But that's what we do. We use words increasingly to confuse categories. Sometimes we use them euphemistically to diminish the implication or sound of the words that we don't really like. For instance, we might use the word "hate" that has changed completely over time. Now we call anything that is culturally, anything that disagrees with my particular viewpoint as hate speech.

Anything that disagrees with a particular religious stance is called hate speech. Anything that disagrees with a particular sexual proclivity is called hate speech. It's not hate speech at all. It's just a new term that's been used to try to amplify and put a more serious spin on that which is not what we're contending that it is.

And it's being done for political power. It's being done for control. It's being done to diminish the ability of anybody else to fail to accept your particular viewpoint. Anything that doesn't go along with your viewpoint then becomes hateful or hate speech, even punishable by law. You see what we've done to language? Hate really means hate. It doesn't mean dislike. It doesn't mean you disagree with something. It means you hate.

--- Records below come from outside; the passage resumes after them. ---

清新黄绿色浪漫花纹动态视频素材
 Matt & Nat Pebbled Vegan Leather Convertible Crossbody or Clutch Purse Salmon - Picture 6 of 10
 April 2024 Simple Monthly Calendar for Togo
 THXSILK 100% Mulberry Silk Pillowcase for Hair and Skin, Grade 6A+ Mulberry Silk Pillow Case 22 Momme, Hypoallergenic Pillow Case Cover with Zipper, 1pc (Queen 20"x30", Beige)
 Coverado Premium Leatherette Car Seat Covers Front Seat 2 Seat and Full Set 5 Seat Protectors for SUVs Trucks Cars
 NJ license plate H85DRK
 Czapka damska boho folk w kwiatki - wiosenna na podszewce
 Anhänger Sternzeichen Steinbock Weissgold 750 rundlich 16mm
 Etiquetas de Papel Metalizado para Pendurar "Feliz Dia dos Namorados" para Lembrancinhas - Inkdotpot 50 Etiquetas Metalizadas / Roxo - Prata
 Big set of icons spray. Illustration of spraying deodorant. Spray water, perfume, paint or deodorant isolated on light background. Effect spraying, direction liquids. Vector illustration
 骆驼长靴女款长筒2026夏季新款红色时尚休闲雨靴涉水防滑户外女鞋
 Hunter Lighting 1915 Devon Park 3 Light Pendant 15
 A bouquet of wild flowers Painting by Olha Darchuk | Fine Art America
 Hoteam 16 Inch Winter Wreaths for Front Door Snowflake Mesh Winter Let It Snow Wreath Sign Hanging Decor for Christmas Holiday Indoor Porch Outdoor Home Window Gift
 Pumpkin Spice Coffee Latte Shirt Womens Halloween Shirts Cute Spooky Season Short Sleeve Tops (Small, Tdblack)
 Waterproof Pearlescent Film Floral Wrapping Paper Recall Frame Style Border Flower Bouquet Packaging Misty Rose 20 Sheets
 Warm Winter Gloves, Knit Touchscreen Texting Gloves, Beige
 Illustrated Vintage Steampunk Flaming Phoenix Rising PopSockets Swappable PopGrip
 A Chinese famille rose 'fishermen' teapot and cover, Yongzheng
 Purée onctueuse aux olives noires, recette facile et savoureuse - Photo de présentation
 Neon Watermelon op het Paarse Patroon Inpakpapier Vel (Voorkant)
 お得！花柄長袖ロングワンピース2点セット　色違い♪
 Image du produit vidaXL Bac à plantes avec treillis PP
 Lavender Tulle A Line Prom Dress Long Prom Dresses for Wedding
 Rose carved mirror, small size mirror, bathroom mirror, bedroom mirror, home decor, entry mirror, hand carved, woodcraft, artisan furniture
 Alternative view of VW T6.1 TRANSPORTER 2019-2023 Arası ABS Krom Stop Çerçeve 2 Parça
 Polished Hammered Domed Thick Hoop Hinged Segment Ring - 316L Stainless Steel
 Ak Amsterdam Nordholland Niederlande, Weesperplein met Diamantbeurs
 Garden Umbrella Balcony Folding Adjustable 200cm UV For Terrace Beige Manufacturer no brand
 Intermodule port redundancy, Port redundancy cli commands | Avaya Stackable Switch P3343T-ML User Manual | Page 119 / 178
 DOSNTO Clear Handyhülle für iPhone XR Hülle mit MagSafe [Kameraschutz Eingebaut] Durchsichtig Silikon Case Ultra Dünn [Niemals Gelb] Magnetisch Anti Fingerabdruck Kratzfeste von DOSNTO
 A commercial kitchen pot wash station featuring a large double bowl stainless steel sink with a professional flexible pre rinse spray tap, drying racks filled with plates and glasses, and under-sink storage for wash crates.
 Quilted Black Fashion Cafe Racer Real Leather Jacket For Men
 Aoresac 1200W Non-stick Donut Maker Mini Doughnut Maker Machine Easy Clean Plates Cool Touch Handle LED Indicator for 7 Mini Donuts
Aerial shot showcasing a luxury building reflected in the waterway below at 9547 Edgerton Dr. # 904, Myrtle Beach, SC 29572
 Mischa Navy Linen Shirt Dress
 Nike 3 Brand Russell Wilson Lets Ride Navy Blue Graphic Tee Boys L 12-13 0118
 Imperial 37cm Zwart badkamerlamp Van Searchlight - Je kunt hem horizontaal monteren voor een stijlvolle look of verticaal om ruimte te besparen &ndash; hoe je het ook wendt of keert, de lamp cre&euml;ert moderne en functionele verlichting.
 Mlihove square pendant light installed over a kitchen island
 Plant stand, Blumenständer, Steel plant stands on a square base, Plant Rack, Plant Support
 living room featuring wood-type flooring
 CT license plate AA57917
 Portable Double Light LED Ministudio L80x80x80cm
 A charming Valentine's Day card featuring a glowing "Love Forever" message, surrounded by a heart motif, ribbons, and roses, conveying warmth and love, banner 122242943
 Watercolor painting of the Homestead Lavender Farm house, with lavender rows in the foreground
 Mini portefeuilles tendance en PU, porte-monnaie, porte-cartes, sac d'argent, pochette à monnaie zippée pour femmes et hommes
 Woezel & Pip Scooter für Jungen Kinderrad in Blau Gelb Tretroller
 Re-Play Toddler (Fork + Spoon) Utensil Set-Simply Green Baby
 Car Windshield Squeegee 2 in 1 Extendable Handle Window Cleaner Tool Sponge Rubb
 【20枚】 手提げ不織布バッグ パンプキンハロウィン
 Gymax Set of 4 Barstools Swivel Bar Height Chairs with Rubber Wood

The fear of the Lord is to hate evil, the Bible says. In other words, we should hate evil, not people, but evil. We should hate evil because evil is hateful and hated by God and is contrary to all of God's creation intentions for humankind. That's why we should hate evil. The fear of the Lord is to hate evil. That's a legitimate use of the word hate.

This matter of words has really troubled me of late. It's interesting that lawyers are called wordsmiths. That's what we do. We deal with words. We try to discern the meaning of words, the application of words, whether it has to do with the Constitution, whether it has to do with contracts, whether it has to do with the Bible.

A few years before I left the practice of law, I was in the position of trying to wrap up a particular personal injury case. Actually, it was a contract case. It wasn't a personal injury case. And we were brought into the overarching judge's chambers for a settlement conference, a mandatory settlement conference before the case went to trial.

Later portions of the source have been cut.